Philippe Mouillon : L’une des exigences de nos sociétés individualistes de marché, c’est que les expériences restent la propriété de chacun: « j’te raconte pas » disent les adolescents d’aujourd’hui à longueur d’année ce qui ne veut pas dire « je pourrais t’en parler pendant des heures » mais bien ce que les mots disent : nous sommes chaque jour plus pauvres en expérience communicable. Walter Benjamin dans un texte intitulé « expérience et pauvreté » repère cet appauvrissement de l’essence de l’expérience et tente de trouver un sens à l’art dans la mesure de cet appauvrissement. L’humeur du monde crée un rapport original à la filiation en invitant l’autre à raconter, se raconter, me raconter. Et l’autre, de lointain devenant prochain, et me racontant non pas l’en-soi des événements (ce que font les médias jour après jour sans nous concerner) mais en incorporant l’événement dans sa vie même pour me le communiquer comme sa propre expérience, dialogue avec ma propre expérience du monde et établit avec moi qui l’écoute un rapport de l’ordre de la filiation.
– Comment inscrivez-vous votre intervention dans la rue et pourquoi le faire dans ce site précis ?
Philippe Mouillon : L’humeur du monde prend sa place sur une vaste avenue d’Echirolles en banlieue de Grenoble, possédant tous les attributs du paysage périurbain : flux automobile continu, présence piétonne presque anachronique, voisinage disloqué de centres commerciaux et d’immeubles… En ce sens, le site est exemplaire d’une urbanité construite sur la négation de toute singularité. Ce constat fut pour moi déterminant, d’autant que la complicité fut immédiate avec l’équipe d’ingénierie urbaine et culturelle de cette ville, un ensemble d’individus remarquables qui ont acquis la conviction qu’une réponse platement matérielle ne résoudra pas les maux qui minent ces espaces. Ces non-lieux, en nous confrontant à la perte de tout repère connu, nous angoissent si fortement que nous leurs faisons endosser les parts d’ombre, d’innommable, d’indicible de la société.

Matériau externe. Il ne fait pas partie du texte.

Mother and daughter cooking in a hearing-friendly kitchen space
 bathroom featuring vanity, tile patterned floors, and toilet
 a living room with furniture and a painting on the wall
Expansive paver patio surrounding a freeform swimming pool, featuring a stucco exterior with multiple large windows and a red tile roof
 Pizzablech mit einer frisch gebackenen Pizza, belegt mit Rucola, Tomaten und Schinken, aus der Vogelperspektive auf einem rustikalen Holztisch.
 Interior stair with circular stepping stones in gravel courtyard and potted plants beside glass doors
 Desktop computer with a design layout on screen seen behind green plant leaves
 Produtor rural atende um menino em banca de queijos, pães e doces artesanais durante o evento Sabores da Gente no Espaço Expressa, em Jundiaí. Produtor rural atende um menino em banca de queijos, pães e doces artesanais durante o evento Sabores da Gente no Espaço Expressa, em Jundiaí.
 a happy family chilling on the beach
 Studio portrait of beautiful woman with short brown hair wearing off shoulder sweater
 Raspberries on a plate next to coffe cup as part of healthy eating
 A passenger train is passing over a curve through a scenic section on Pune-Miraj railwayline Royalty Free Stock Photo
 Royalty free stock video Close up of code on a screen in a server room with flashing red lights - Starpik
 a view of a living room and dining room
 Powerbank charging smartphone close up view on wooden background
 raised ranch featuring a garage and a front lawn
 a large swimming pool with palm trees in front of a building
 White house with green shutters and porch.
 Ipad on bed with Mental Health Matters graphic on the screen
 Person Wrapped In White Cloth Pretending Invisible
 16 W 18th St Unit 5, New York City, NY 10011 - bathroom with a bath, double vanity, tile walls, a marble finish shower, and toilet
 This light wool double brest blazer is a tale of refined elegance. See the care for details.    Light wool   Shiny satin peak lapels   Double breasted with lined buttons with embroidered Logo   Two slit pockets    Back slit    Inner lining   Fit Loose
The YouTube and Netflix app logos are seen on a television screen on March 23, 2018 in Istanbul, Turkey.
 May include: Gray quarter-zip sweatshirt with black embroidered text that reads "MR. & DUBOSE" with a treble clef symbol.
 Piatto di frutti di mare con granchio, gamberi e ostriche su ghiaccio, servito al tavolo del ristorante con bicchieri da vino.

Loin de dissiper la vérité du lieu, de nous en distraire, de nier le vécu de sa population, l’humeur du monde tente d’en amplifier les traits singuliers, de s’ancrer dans le territoire et dans son histoire.
Philippe Mouillon : L’humeur du monde compose un volume localisé, celui de l’avenue, dans lequel pénètre physiquement l’observateur en mouvement et un corpus illimité d’ondes radiophoniques réverbérées par une trentaine de satellites stationnant à quelques kilomètres de la surface terrestre, et un réseau d’individus singuliers inscrits territorialement sur les cinq continents. Le et est très important pour moi qui suis issu d’une culture occidentale du ou.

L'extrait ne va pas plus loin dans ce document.